For an album that is supposed to deal with the fundamentals of the Christian faith, it is surprising to find an episode about the topic of evolution. That’s not exactly a core doctrine. But is that what the episode is really about? According to the Official Guide, this episode’s theme is actually about “dealing with authority, [and] standing up for your faith.” That definitely makes more sense and fits into the album’s framework, but it seems a little too similar to the episode A Worker Approved in which Robyn has to defend her faith in the classroom. How is this episode different? The episode’s title, Choices, makes the theme of the show a little clearer still. Apparently it is all about a moral dilemma. What is the dilemma? Lucy, probably Odyssey’s smartest student, doesn’t believe in evolution because of her Christianity, therefore she can’t write a report where it will appear that she does endorse evolution. But choosing not to do the school assignment will get her a failing grade in the class. That’s definitely a problem, but as we hear in the end, it’s a problem that could have easily been solved if Lucy had been honest with her teacher from the start.
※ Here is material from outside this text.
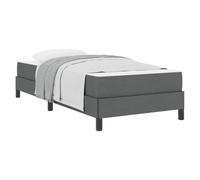 Letto a molle con materasso Grigio scuro 90 x 190 cm Tessuto contenitore singolo corto struttura in legno ingegnerizzato con rete a doghe molle insacchettate design moderno camera da letto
According to Chris, Lucy’s science teacher likes to show a lot of movies in his class, which already makes me slightly biased against him. I’m fine with having videos shown once in a while in class, but I do not appreciate it when teachers start relying on them a lot. If I could just sit back and watch a video, why is the teacher even there and why am did I even come to class? What’s funny about the videos that Mr. Winthrop shows is that while they claim to have the most recent scientific findings, they sound so antiquated—like the tapes they were recorded on are disintegrating. This shows how unconcerned the school is with providing updated and accurate information to its students. Or maybe they’re simply underfunded. As for Mr. Winthrop, he seems like a nice guy but he confuses me because he doesn’t appear to be a very good judge of character. He knows that his student Lucy is hard worker. She has the highest overall grades in the school district after all. And yet, Mr. Winthrop assumes Lucy doesn’t want to write on evolution for the newspaper because she’s lazy and wants to get out of doing a school assignment. I don’t understand how he could make that assumption given that Lucy has already proven her dedication to school.
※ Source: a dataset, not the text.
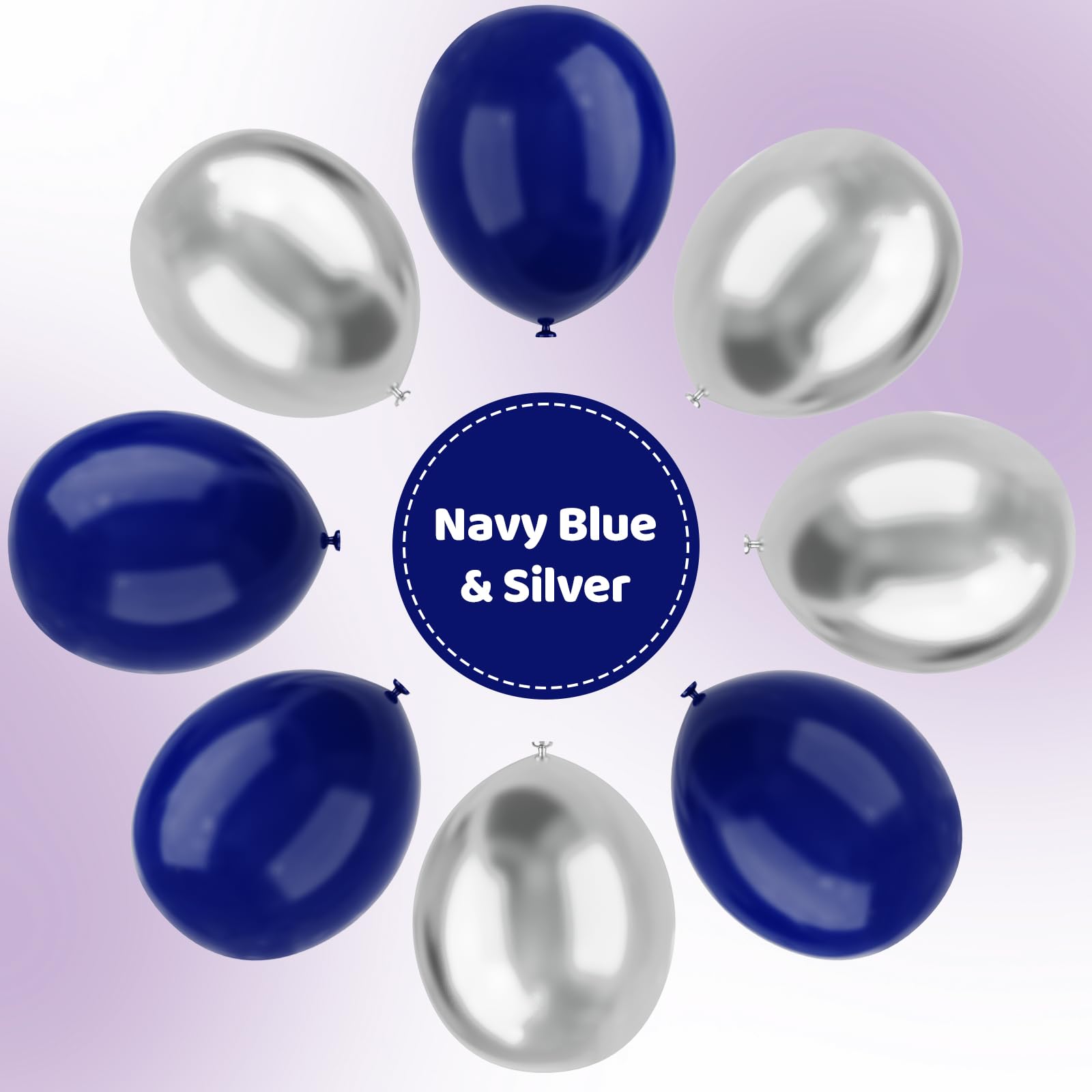 YMSZ Blue & Silver Balloons Kit – 67pcs, 12in Navy Blue & Silver Party Balloons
I think Lucy’s father made the right choice when he let her decide for herself what to do. This issue is a matter of Lucy’s conscience, so only she knows for sure how she feels. Or does she? Lucy has such a kneejerk reaction towards the topic of evolution that she can’t seem to think straight. Maybe that’s why she isn’t honest with her teacher. Lucy’s stressed-out mind takes her down the rabbit hole to all kinds of possibilities and soon she’s imagining everybody pressuring her to write the report and even Whit yelling, “Anybody who doesn’t know how to make right decisions has no place at Whit’s End!” Christians needs to be careful not to imagine themselves as victims when it isn’t the case. That doesn’t mean Christians aren’t sometimes persecuted, but playing the victim when that isn’t what’s happening devalues instances of actual persecution. On this particular occasion, Lucy imagines herself as a victim of outside pressures, but in reality no one had any intention of suffocating her religious freedom. In the end Lucy makes the right decision, the one we knew she would make all along, and chooses not to violate what she believes is right.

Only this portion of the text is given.